- Born: August 22, 1909 Waterbury, Connecticut, U.S.
- Died: September 5, 2003 (aged 94) Waterbury, Connecticut, U.S.
- Education: Manhattan College
- Occupations: Business executive Naval officer
- Spouse: Ann Gertrude Rock ​ ​(m. 1943; died 1990)​
- Relatives: Morgan J. Burke Jr. (brother)
- Branch: United States Navy
- Years: 1943–1945
- Rank: Lieutenant commander
- Battles: World War II Battle of Saipan; Battle of Hollandia; Battle of Leyte; Invasion of Lingayen Gulf; ;

= John Luddy Burke =

United States Navy officer, business executive and American football player

John Luddy Burke (August 22, 1909 – September 5, 2003) was a United States Navy officer and business executive. He played semi-professional American football for several years.

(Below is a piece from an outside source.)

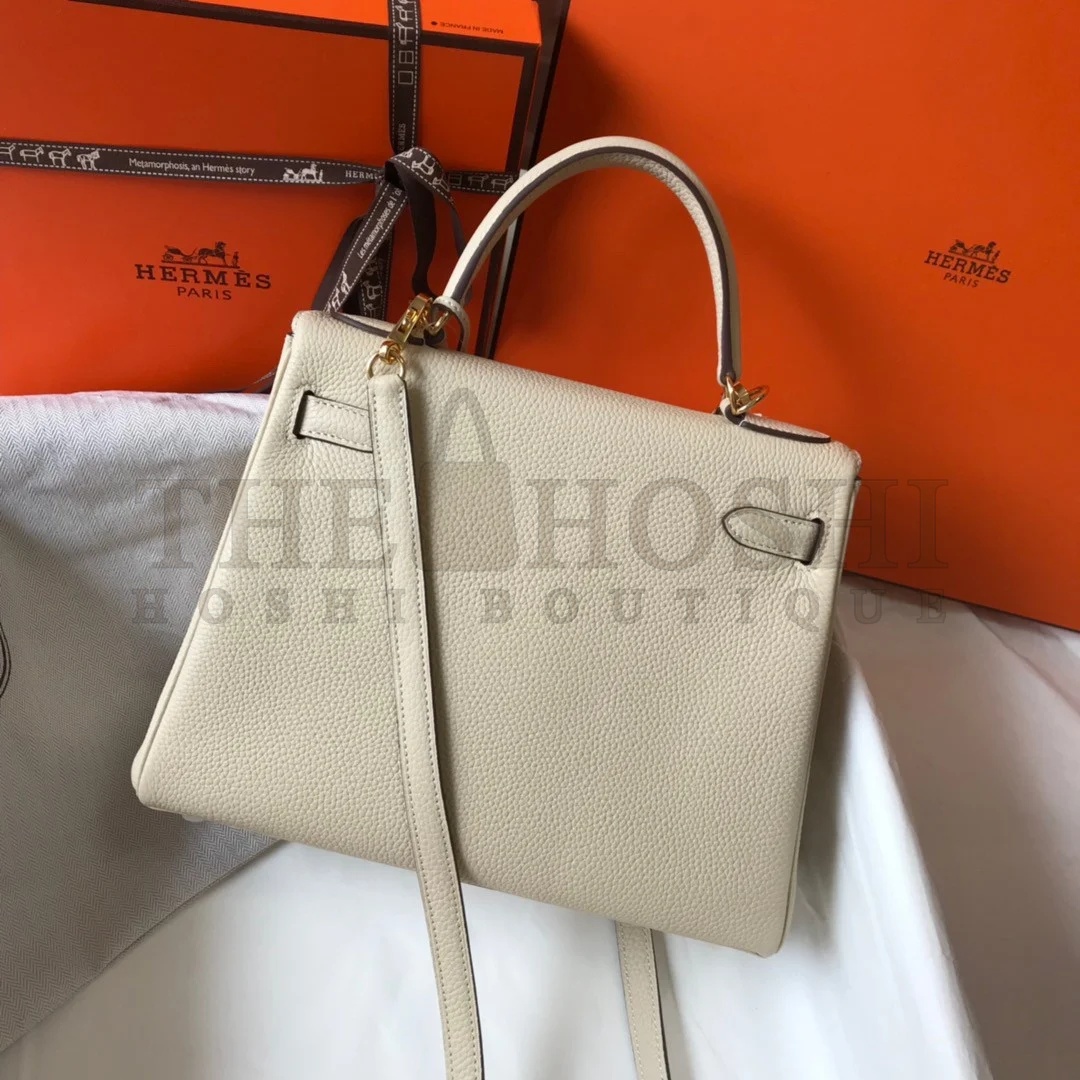 H**me5 Kelly 32cm Retourne Bag in Craie Clemence Leather GHW Master Quality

John Luddy Burke was born on August 22, 1909, in Waterbury, Connecticut. His eldest brother was Morgan J. Burke Jr., a New York judge and attorney.

Burke attended Manhattan College in New York City, during which time he was considered an "excellent football player". The lettermen of Manhattan College elected him captain of the college team in a unanimous vote in 1930. He played semi-professional football for many teams in the Waterbury area. The New York Times considered him a "splendid tackler and receiver of passes".

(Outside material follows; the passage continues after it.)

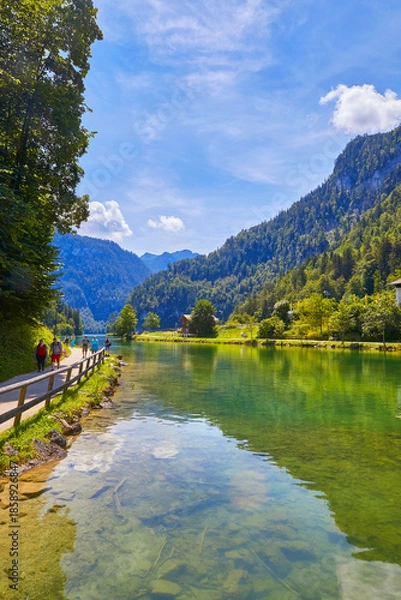 Obraz Landschaftspanorama am Königssee, Deutschland, Bayern.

Burke joined the United States Navy following the Attack on Pearl Harbor. He served in the Asiatic-Pacific Theater between 1943 and 1945 on the USS Conner. Gaining the rank of Lieutenant Commander, he took part in the Philippines campaign (1944–1945) and the battles of Saipan, Hollandia, Leyte, and Lingayen Gulf. He led several boat parties from the USS Conner with Japanese prisoners from the Pacific.

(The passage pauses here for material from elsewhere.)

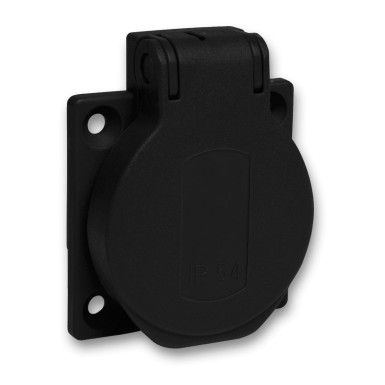 PKN51N - PratiKa - socket outlet NF 50x50mm - 2P+E 10-16 A - IP54 - connex. arr. - black - Schneider Electric - PratiKa - socket outlet NF 50x50mm - 2P+E 10-16 A - IP54 - connex. arr. - black - Schneider Electric - 0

In 1946, Burke ran unsuccessfully as a candidate for the Connecticut House of Representatives representing Waterbury.

Burke then entered the Outdoor Advertising Industry. He rose to become president of Big D Outdoor Advertising and, in 1960, was elected executive vice president of Packer Outdoor Advertising and vice president of the Harry H. Packer Company and the Outdoor Investment Company.

==Personal life==
On January 22, 1943, Burke married Ann Gertrude Rock, with whom he had one son.